# The all new Barbolight V04



## Barbarin (May 29, 2017)

I'm proud to introduce you the all new Barbolight V04. Technically is a single 18650 flashlight with 4 modes, designed to produce the maximun efficiency on the smallest possible package capable of standing a 20 ATM pressure. Its output is purely flood light, with a color temperature of 4000ºK and and CRI higher than 80. Its intended use is for divers, cave divers, cavers... and everyone who needs a highly reliable flashlight producing a flood light with a high quality beam. 

It has 4 modes. Video (500 lm 2,5 hours), Explorer (140 lm, 7,5 hours), Xisco Mode (20 lm, 60 hours) and strobe (10 hours, 2 Hz). To cycle what you need is to switch on and off. 

Size is: 93 mm length and head diameter is 35 mm. Tailcap diameter is 24 mm. 

As you can see on the picture I'm using multiple LEDs, instead of a single one to get better results. Better heat dissipation and also improved light distribution. 







This is one of the intended uses. Here you can see it with a Barbolight goodman handle. 






Comparing its size to U15 and U04. 




[/IMG]

Here you are the runtime: 






By the way, "Xisco mode" is an homage to a customer and friend who tested our lights to the extreme. He has been using a pair of Barbolight U04 made almost 10 years ago, and still running strong and reliable. Those lights were with him during those many hours of darkness. 

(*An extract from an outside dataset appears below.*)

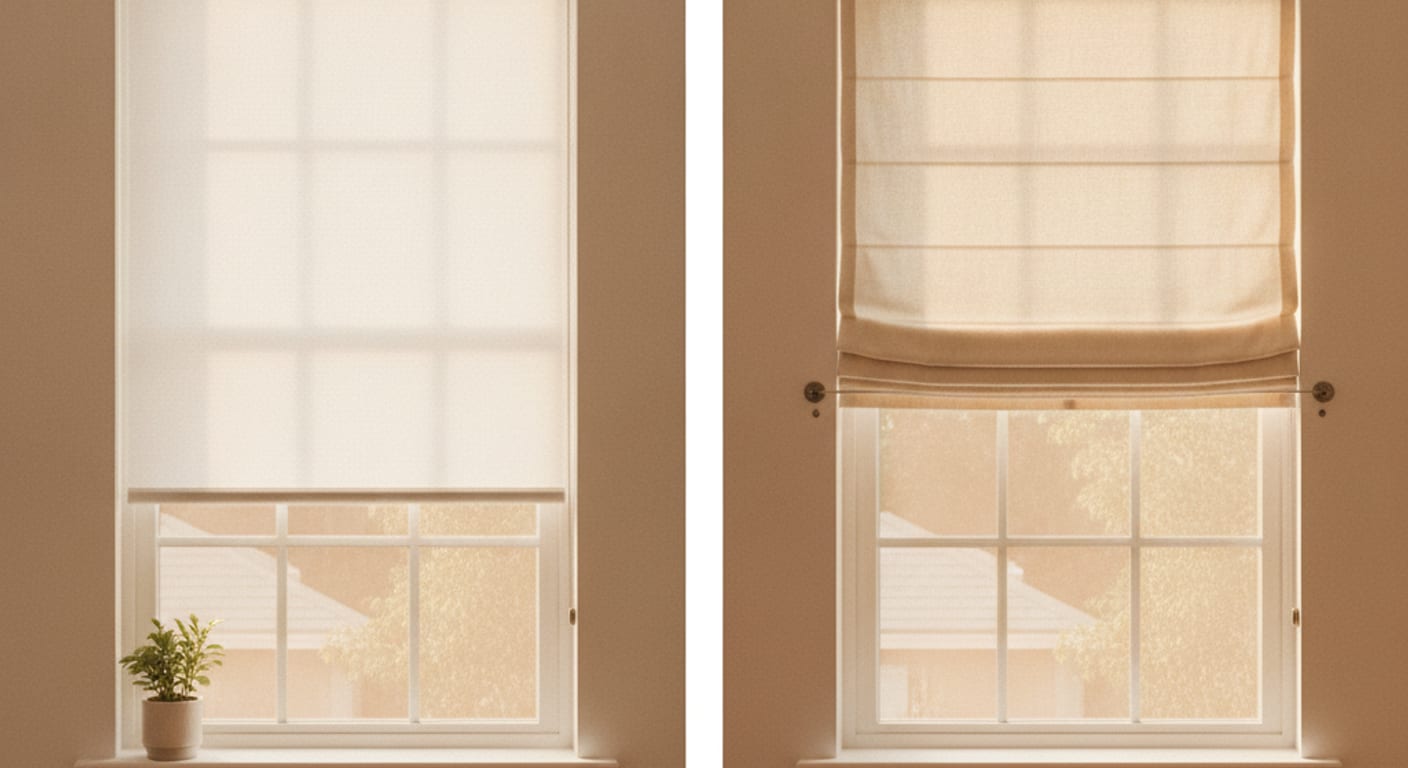 Side by side comparison of a roller shade and a roman shade in a Pinellas County home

http://www.bbc.com/news/world-europe-39646386


----------



## noboneshotdog (May 29, 2017)

Wow. Nice light, and incredible story you had linked us to regarding your friend. So thankful it ended well.


----------



## egginator1 (Jun 6, 2017)

Nicely done! How does one go about purchasing one? I apologize if the answer was missed.


----------



## Barbarin (Jun 6, 2017)

egginator1 said:


> Nicely done! How does one go about purchasing one? I apologize if the answer was missed.

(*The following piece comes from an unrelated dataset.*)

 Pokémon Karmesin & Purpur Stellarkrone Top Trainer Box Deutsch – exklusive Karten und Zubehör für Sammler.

Thanks. It will be available in 4 weeks, approximately. 
Today we just confirmed the second version of the optoelectronics. More efficient and matched to what is needed. 

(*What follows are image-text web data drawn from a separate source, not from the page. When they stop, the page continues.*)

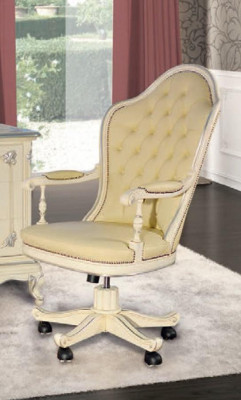 Office chair wood executive chair Chesterfield Italian furniture white swivel white new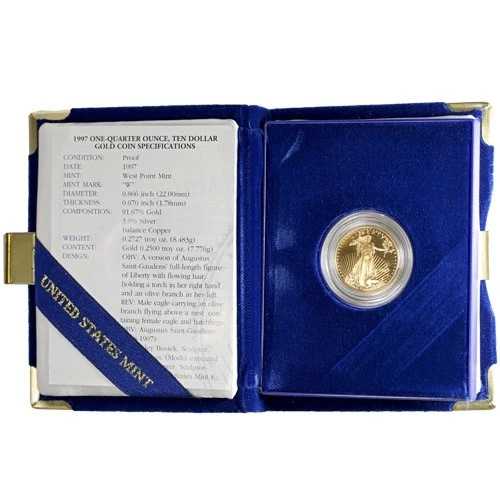 1/4オンス プルーフ アメリカン・ゴールドイーグル金貨(発行年はランダム、箱、鑑定書付き)|WORLD RESOURCE【QUEEN店】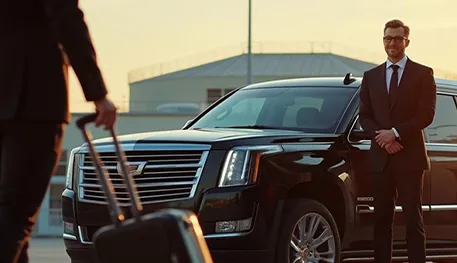 Luxury black car service in Dallas TX with professional chauffeur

As you can see on "Explorer" mode is lower output than before, but still more than double than a fine tuned carbide lamp. Flux has been reduced a 20%, but runtime has increased a 33%. On high mode we have increased both, output and runtime.


----------



## nfetterly (Jun 6, 2017)

Looks very nice. I'm interested as well. I've had your lights in the past, extremely well built as many here know.


----------



## Zandar (Jun 7, 2017)

Looking really good.


----------